While in his treatment of the subject, Manjule is focussed and does not waver, with unnecessary backstories or entertainment gimmicks. He spends too much time painstakingly detailing their lives and milieu and making them look unbelievably real. In the bargain, these make for tedious viewing.
Post Interval, the pace picks up and unknowingly sucks you into the lives of its characters and their aspirations, making you empathise with them. Characters overcoming their obstacles and making it to the finishing line engrosses you completely.
The film may be termed as a Sports film but is in reality, it is an inspirational one. It arouses patriotic fervour, focuses on emancipation, and has a feel-good factor throughout.

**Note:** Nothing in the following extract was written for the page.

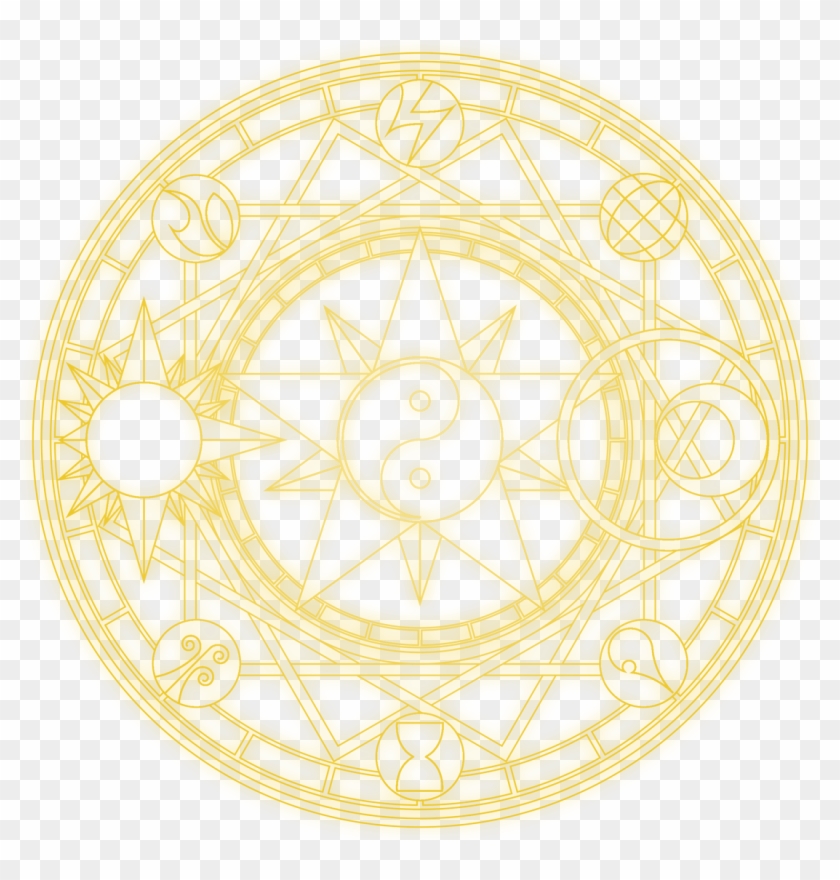 Go To Image - Magic Circle Anime Png Clipart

Imbued with several emotional moments the film is all heart. The adrenaline rush in the college versus slum dwellers football match is as real as the time when Don aka Ankush Meshram, receives his passport last minute and dashes to the Airport in the nick of time.
Although subtle references are made to the Dalit inhabitants of the slum, especially in the celebration’s scene, nowhere are the caste aspects dramatically highlighted.

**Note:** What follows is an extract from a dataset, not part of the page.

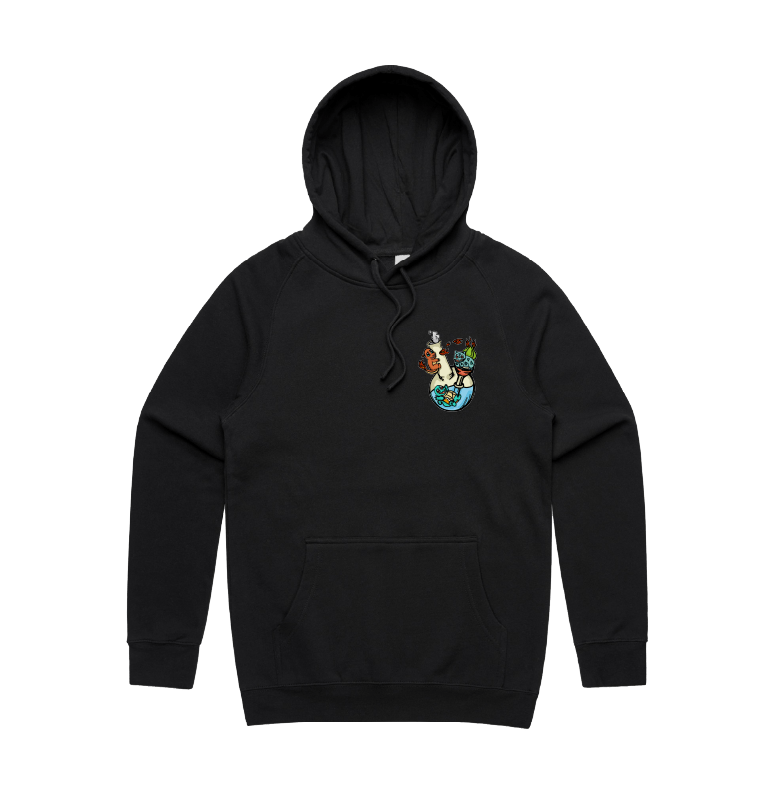 S / Black / Small Front Design Pokebong 🦎 - Unisex Hoodie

Nowhere does Vijay Borade appear larger than life. He is immensely relatable. Amitabh Bachchan as Vijay Borade, a character based on the life of a retired sports professor Vijay Barse, who founded an NGO called Slum Soccer, strikes a chord in your heart. Not only is his portrayal natural, but immensely believable and endearing. His emotional appeal to the Lady Judge on behalf of the slum dwellers is achingly reminiscent of his charisma and oratorical skills.
All the other ensemble cast deliver pitch-perfect performances, given the characters they are playing. They look and feel their parts effortlessly. Ankush Gedam as Don is lovable owing to his vulnerability, displaying versatility as an actor. Akash Thosar- is presented in a new avatar, and Rinku Rajguru too makes her mark.
The music effectively captures and enhances the essence of the film and is almost characteristic of Manjule’s films.
Overall, ‘Jhund’ reinforces that if the intent is good and convictions strong, the impossible can be achieved, and as the slum kids leave for the world championship league abroad, you no longer view them as just a crowd.